Records for this exercise —
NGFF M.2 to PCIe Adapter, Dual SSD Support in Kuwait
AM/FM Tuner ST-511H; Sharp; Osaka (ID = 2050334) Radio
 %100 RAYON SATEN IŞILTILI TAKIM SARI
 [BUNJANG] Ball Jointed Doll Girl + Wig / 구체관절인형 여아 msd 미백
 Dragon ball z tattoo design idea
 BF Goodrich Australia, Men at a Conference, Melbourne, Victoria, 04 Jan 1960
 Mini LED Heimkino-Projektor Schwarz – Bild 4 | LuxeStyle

Your goal —
Return the records exactly, character for character.

Finished task —
NGFF M.2 to PCIe Adapter, Dual SSD Support in Kuwait
AM/FM Tuner ST-511H; Sharp; Osaka (ID = 2050334) Radio
 %100 RAYON SATEN IŞILTILI TAKIM SARI
 [BUNJANG] Ball Jointed Doll Girl + Wig / 구체관절인형 여아 msd 미백
 Dragon ball z tattoo design idea
 BF Goodrich Australia, Men at a Conference, Melbourne, Victoria, 04 Jan 1960
 Mini LED Heimkino-Projektor Schwarz – Bild 4 | LuxeStyle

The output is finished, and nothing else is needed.